Monday, Mar. 18, 1974
A Question of Zeal
Nixon partisans who accuse the press of recklessness in its Watergate coverage have been getting reinforcement from unlikely places. Columnist Joseph Kraft, an Administration "enemy" whose home telephone was once tapped, last week wrote of the "spirit of rivalrous competition and self-important narcissism now so rampant in the fourth estate." Managing Editor Howard Simons of the Washington Post, the most tenacious newspaper on the Watergate trail, spoke recently about "shark frenzy"--the urge among some newsmen "to rush in to get a bite of that bleeding body in the water."
Kraft was criticizing the coverage of the Watergate grand jury's confidential report to Judge John Sirica, which was handed up along with the indictments.
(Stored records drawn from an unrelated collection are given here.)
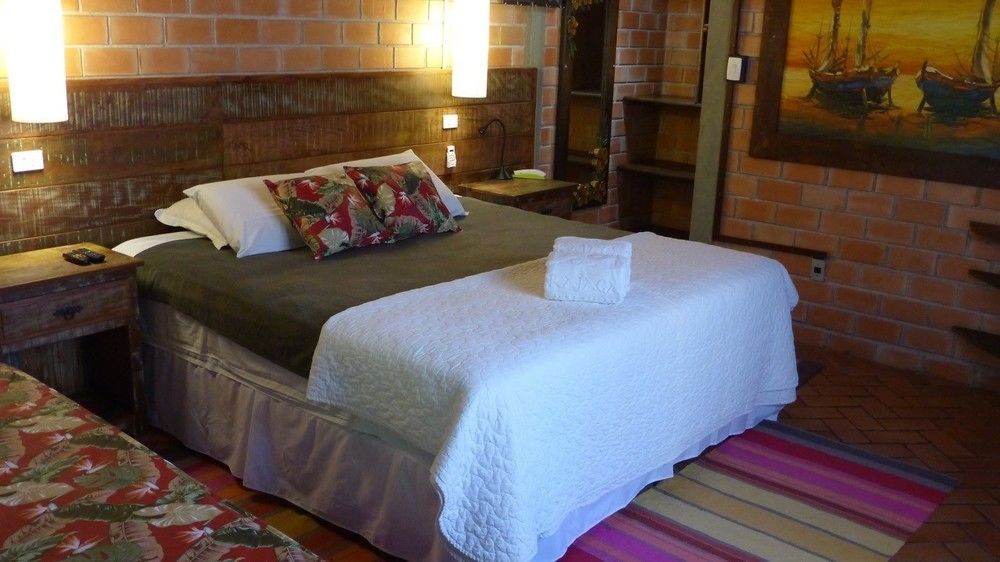 Grajagan Surf Resort Ilha do Mel Εξωτερικό φωτογραφία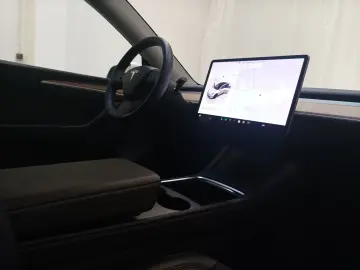 TESLA Model Y Dual Navi CAM ACC Sitzhzg. WäPu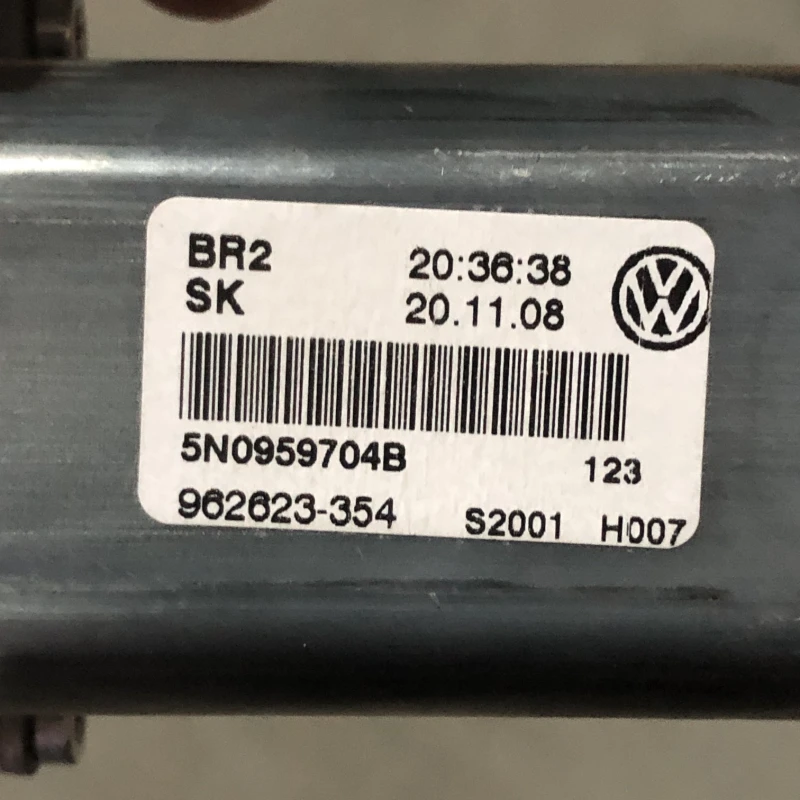 Motoras geam dreapta spate / Volkswagen Tiguan 5N 2009 / Audio si electronice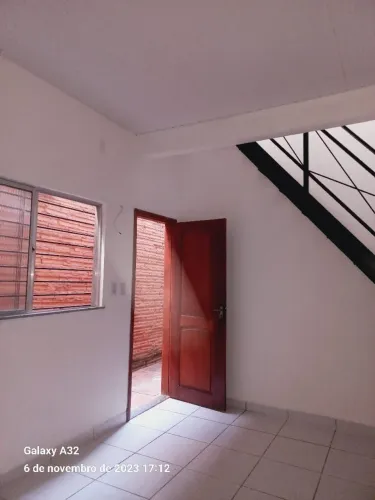 CASA DE DOIS ANDARES COM UM QUARTO GRANDE PERTO SHOPPING PÁTIO GARANTIA  UM MÊS DE  CAUCÃO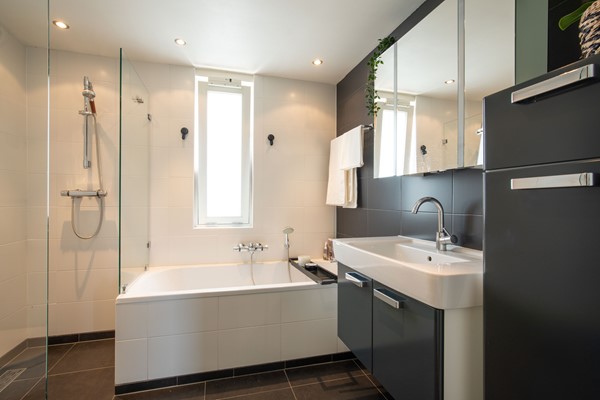 Medium property photo - Anna van Hensbeeksingel 377, 2803 LW Gouda
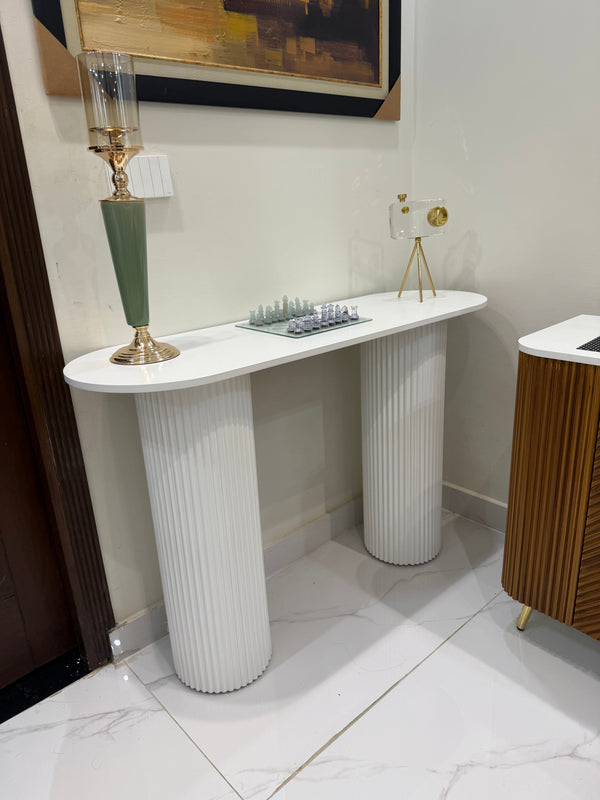 Flutted hallway table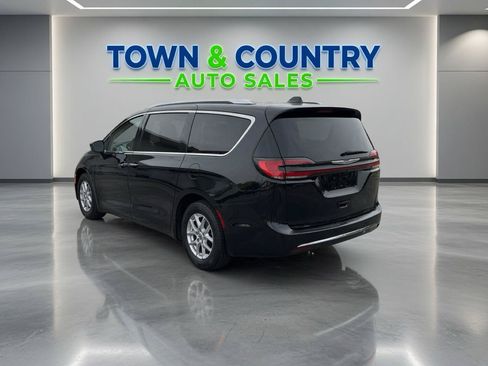 Used 2021 Chrysler Pacifica Touring-L FWD image 3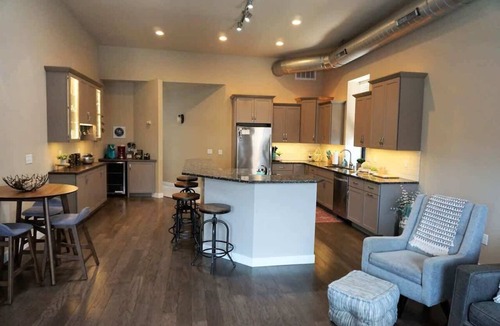 Historic Downtown La Crosse Apartment | Downtown La Crosse Loft: Modern Comfort & Style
Though his column did not offer examples, he said later that he was thinking of stories by Bob Woodward and Carl Bernstein of the Washington Post, James Naughton of the New York Times, Newsweek and CBS. The network had speculated--erroneously, as it turned out--on the number of people who were about to be named as defendants and coconspirators. The three publications, and others as well, discussed the grand jury's deliberations over whether Richard Nixon should be indicted.
With few specific exceptions, grand jury proceedings are supposed to be secret. Kraft conceded that in the earlier phases of Watergate, while the cover-up was partly working, journalistic enterprise was necessary to get at the basic facts. Now that the official inquiry is being conducted vigorously, he said, the "traditional inhibitions on reporting" should be applied. Abandoning that restraint, he warned, endangers individuals' rights to due process, threatens to wreck the prosecution's case on procedural grounds and gives journalism a bad name.
Though Simons was commenting earlier and more generally about the mood of the Washington press corps, he raises what amounts to the same complex question. When does reportorial zeal violate the canons of fair play? Journalism's first mission, to publish all important information that can be learned, occasionally conflicts with other imperatives that must be considered. The press is universally barred from grand jury proceedings, for instance, partly to guard the reputations of people who may never be indicted. Secrecy also protects the prosecution's case from premature disclosure.
It is true that there have been leaks from all sides in Watergate, that the news profession dearly loves exposes and scoops, and that the heat of competition sometimes melts good judgment. Last week, for instance, the Washington Star-News disclosed a private communication from Sirica to his fellow judges in which he mentioned Prosecutor Leon Jaworski's confidential estimate of the number of indictments to come. Though newsworthy, the story also intruded on grand jury privacy while adding nothing substantive to the public's knowledge of Watergate.
Yet Kraft's demand for restraint, which would be unexceptionable in most cases, raises its own problem in the very special circumstance of Watergate. This unique scandal is far more than a criminal proceeding. It has involved not powerless defendants but some of the nation's most influential officials. There have been repeated attempts to suppress evidence, minimize the case's importance, deflect guilt and hide behind the shibboleth of national security. These factors at first inhibited the press. Now the urge is to print everything obtainable in the belief that self-censorship would be itself a kind of coverup. In this atmosphere, there will doubtless be some excesses. Though Kraft is right in warning against abuses, the entire history of the Watergate mess is an argument for the fullest possible disclosure.